### Brief:
Output, exactly as written, the lines below starting at the line containing "Merry Christmas and" and ending at the line containing "Czarny grzejnik łazienkowy". Drop the pictures and keep both end lines.
*** Records shown ***
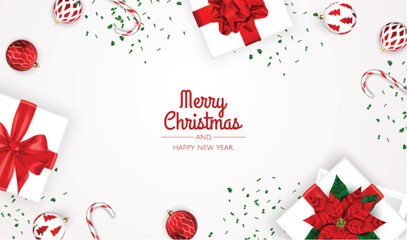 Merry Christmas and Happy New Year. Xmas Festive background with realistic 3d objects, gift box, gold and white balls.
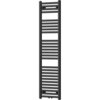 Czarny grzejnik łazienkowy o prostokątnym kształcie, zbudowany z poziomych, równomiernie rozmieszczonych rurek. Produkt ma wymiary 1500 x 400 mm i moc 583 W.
*** End of Records shown ***
*** Records shown ***
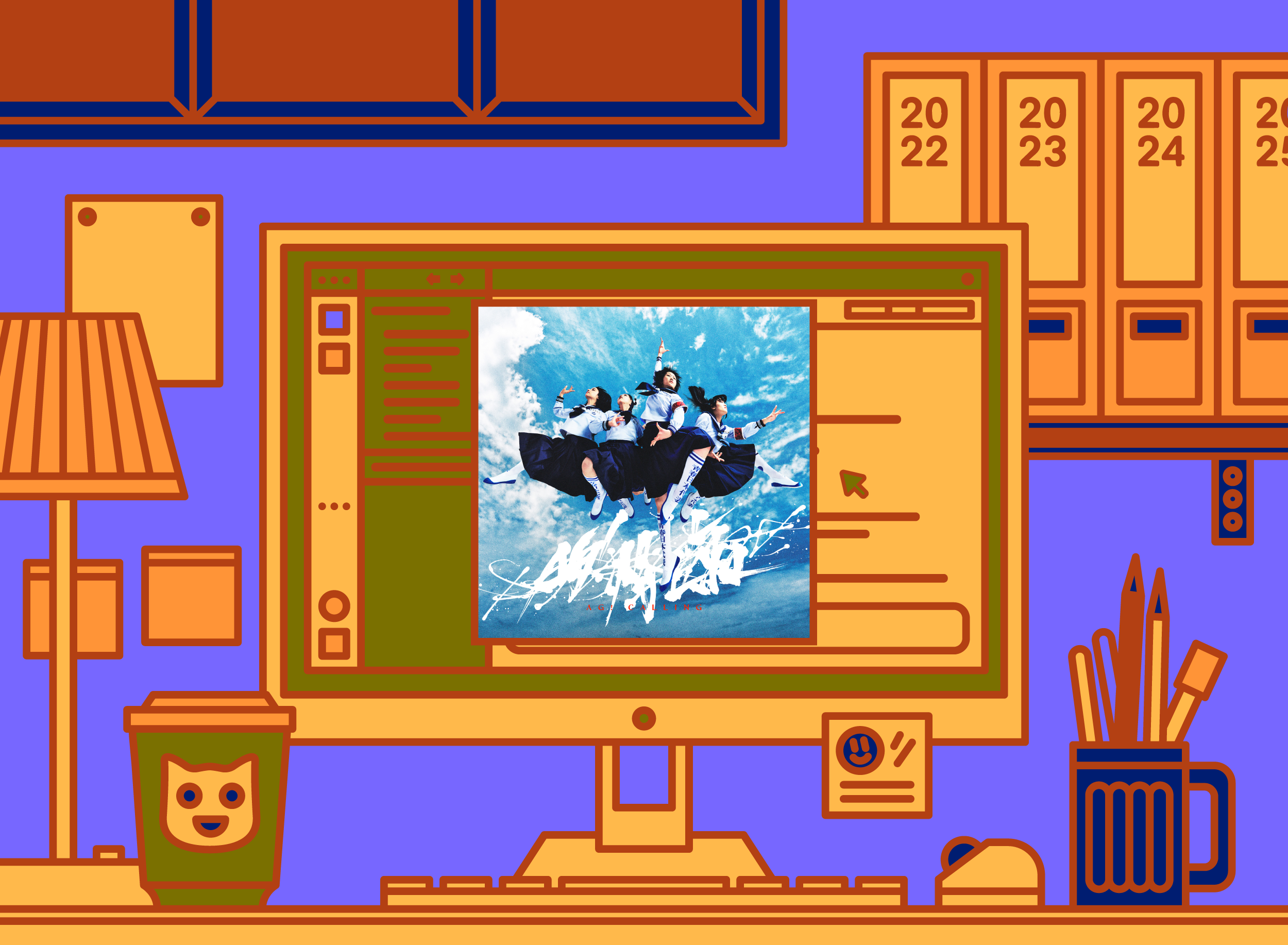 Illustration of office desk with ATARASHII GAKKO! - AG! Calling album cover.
*** End of Records shown ***
*** Records shown ***
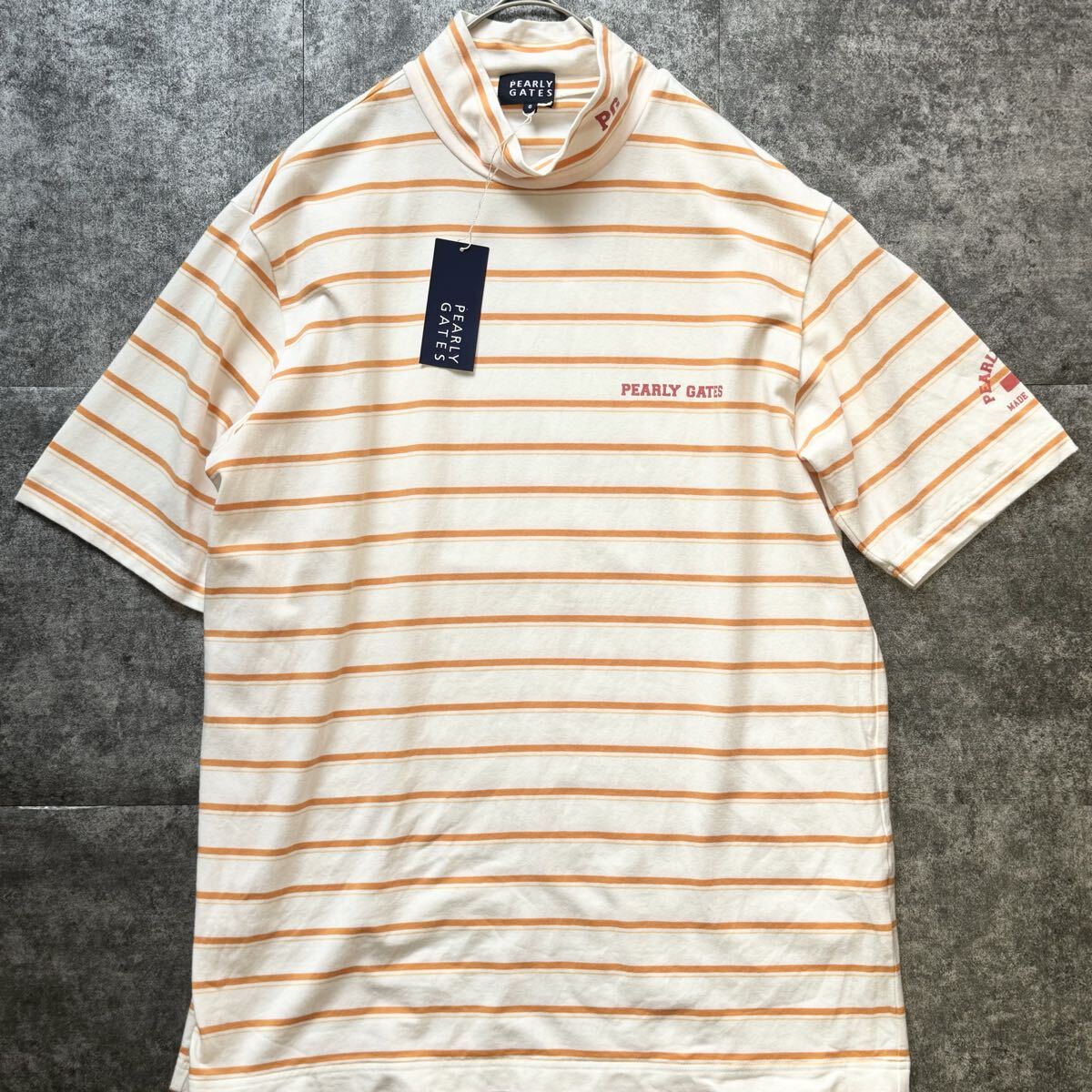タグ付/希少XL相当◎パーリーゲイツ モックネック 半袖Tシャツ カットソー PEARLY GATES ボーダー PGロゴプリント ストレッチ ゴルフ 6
*** End of Records shown ***
### Written answer:
 Merry Christmas and Happy New Year. Xmas Festive background with realistic 3d objects, gift box, gold and white balls.
 Czarny grzejnik łazienkowy o prostokątnym kształcie, zbudowany z poziomych, równomiernie rozmieszczonych rurek. Produkt ma wymiary 1500 x 400 mm i moc 583 W.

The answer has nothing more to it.